It starts with selected hospital scrubs that are impermeable to fluids and cover the torso, arms and legs.

Next come booties for the feet and ankles that extend to mid-calf. A fluid-resistant gown follows. Then a battery-powered air purifying respirator (PAPR) is deployed, attached to a hood with a full face shield and a protective cowl to cover the neck and shoulders. The process concludes with medical gloves – two pair, in fact. When finished, no skin is left exposed.

Donning the equipment takes a good 15 minutes; getting out later may take 30 minutes more.

At Keck Medical Center at USC, 87 health-care professionals recently volunteered to learn this dressing ritual. They were learning to protect themselves in the event an Ebola case was identified.

When an outbreak of the deadly Ebola virus in West Africa began making headlines last September, personnel at Keck Medical Center sprang to action. Within a few weeks, Stephanie Hall, MD, and a team of physicians and nurses led by Emergency Management Officer Robert “Bob” Vance III and Infection Prevention & Control Manager Lionel Caceres, RN, and his infection prevention team had instituted a training program to ensure that medical personnel would be knowledgeable about working with the disease and fully prepared to take action should someone arrive in need of treatment.

The mission is to “detect, protect and respond,” Caceres says about the medical center’s role in dealing with the Ebola crisis. Any person identified at a Keck Medicine facility would be transferred in coordination with Los Angeles Public Health as soon as possible to one of the treatment centers designated by the Centers for Disease Control (CDC).

Three single-patient training rooms with a closed door and a private bathroom rooms were created at Keck Hospital of USC. Then volunteer physicians and nurses began two-day training sessions, starting soon after the CDC issued new wrinkles in recommended procedures in mid-October. Ebola-related screening questions were added to the patient triage process a few weeks later.

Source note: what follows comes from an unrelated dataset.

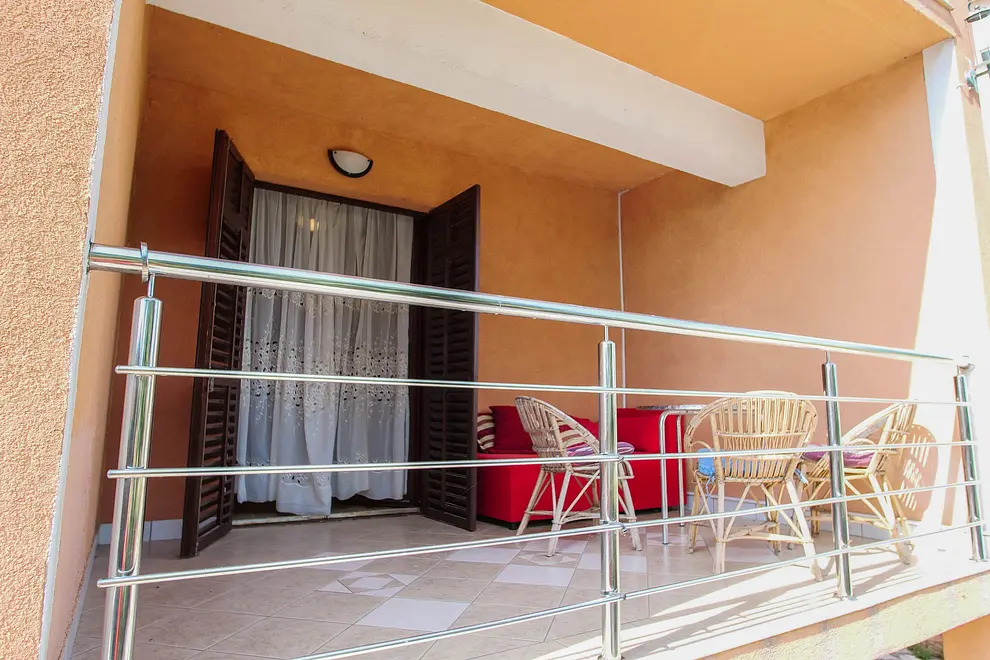 Ferienwohnung in Fazana haustiergeeignet 66121127 8997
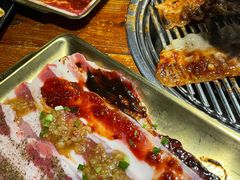 -红小姐的烤肉店(西三旗店)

The use of the special gear, known as personal protective equipment (PPE), is necessary when dealing with Ebola, which is spread through direct contact with body fluids of a person who is sick with the disease. But it can be difficult for trainees to abide by the painstaking process of donning and doffing the gear. Not everyone completes the training successfully.

“It’s difficult,” Caceres says. “Human behavior is such that you want to hurry up and help the patient, but this is not that kind of situation. You need to protect yourself first.”

Getting into the PPE is a two-person process, and the training partners must stay together throughout. It’s difficult to hear inside the PPE, so hand signals are necessary inside a treatment room to ensure effective communication. Strict guidelines must be followed, particularly when disrobing afterward, which includes disinfection and hand-washing at each level.

In an actual treatment scenario, a patient floor at Keck Hospital would be isolated and converted for treatment within 8-12 hours. The two-person teams of health-care workers would treat a patient in shifts that would last no longer than two hours at a time. And they would be responsible for ensuring that anything that goes into the patient’s room gets disposed of as a biohazard afterward.

“So, no cellphones, no rings or watches. Don’t wear your favorite pair of Nikes — they will be disposed of too,” Vance says. “You cannot cut corners with this disease.”

Protecting the body is just one aspect of the training regimen. Health-care workers must train their minds as well.

“Training includes an isolation aspect,” Vance says. “This process allows our staff to reduce the level of fear that might occur during treatment.”

The experience has been valuable for staff members who may have to contend with outbreaks of another deadly disease in the future. And the Ebola effort is not complete. The training rooms are permanent, and follow-up sessions are taking place, as are surprise drills to validate the procedures.

The Ebola response at Keck Medical Center of USC has been extensive, involving numerous hours of research, documentation and training, construction of appropriate facilities and purchase of new equipment.

“It’s a large expense. This is not cheap,” Vance says. “But the medical center is making an investment in its employees and wants them to be safe.”